Figure 2. Porosity distribution predicted by a geostatistical co-kriging between logs and the impedance inversion of the 1992 seismic survey for the LF reservoir of the EI 330 field.
4D seismic images of the LF reservoir were iteratively analyzed to compute changes of these petrophysical and fluid parameters. Lithology, porosity, pore fluid pressure, permeability, and gas/oil/water saturation were estimated at each element of the volume over the life of the field. Our method consists of a combination of well log data analysis for lithology determination, spatial cross-correlation computations between lithology and acoustic impedance, and a robust stochastic simulation technique. The conditional stochastic simulation technique we used was a Markov-Bayes method.
The bridge that connected these physical parameters with compressional (and eventually, shear) velocity and density was our 4D seismic inversion. We tested several different inversions, including our Levenburg-Marquart method (Figure 3).
Figure 3. Inversion results for 3D seismic surveys from 1985 (left) and 1992 (right).
We tested several scales of reservoir characterization and simulation
mesh, and found that the fine vertical scale was required to eliminate
the ambiguities introduced by the mesh itself. The characterized reservoirs
are often too smoothly varying due to the lack of lateral resolution. As
3D seismic technology has evolved, the spatial resolution of 3D seismic
data has greatly improved the resolution of reservoir characterization,
particularly in lateral resolution. As the integration of seismic and wireline
logging data has evolved, modern reservoir characterization has become
more and more accurate and reliable. As a result, heterogeneity and discontinuities
in the LF reservoir were revealed that can be seen from the change in impedance
from production that occurred between 1985 and 1992 (Figure 4).

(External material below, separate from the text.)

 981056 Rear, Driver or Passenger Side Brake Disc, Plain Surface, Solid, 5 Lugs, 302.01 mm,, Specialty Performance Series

Figure 4. Seismic impedance differences between the two 3d seismic surveys in the EI 330 field.
We the used the reservoir characterization as input to a reservoir fluid flow simulator. We utilized two commercially available reservoir simulators (parallel Eclipse and parallel VIP) for the prediction of time-dependent fluid flow required to history match the previous production and pressure behavior of the field (Figure 5).
Figure 5. Eclipse reservoir simulation of gas saturations in 1992 in
the LF reservoir of the EI 330 field.
Multi-dimensional seismic forward modeling has gradually become a critical tool in seismic exploration for hydrocarbons. The output of the seismic modeling is a set of volumes with changes in seismic amplitude and travel-time predicted at discrete time-intervals over the life of the field (Figure 6).
Figure 6. Seismic model from 1992 compared to impedance volume from
the same time.
We then difference them with observed changes from the past using the
Lamont 4D Rapid Analysis software. The similarities and differences between
modeled and real acoustic responses within the reservoirs gives true predictive
verification to the accuracy and precision of the model results (Figure
7).
Figure 7. Difference between 3-D seismic model predictions of impedance in 1985 versus 1992 based upon the drainage effects determined from the impedance inversions of the two seismic datasets.
This difference between 1985 and 1992 seismic models (Figure 7) should then be compared with the gas saturtation difference over the same time interval from the reservoir simulator (Figure 5) and the seismic inversion differences (Figure 4). Only when these three representations of drainage in the LF reservoir from 1985 to 1992 have been reconciled can we begin to believe in the accuracy of our 4D predicitons.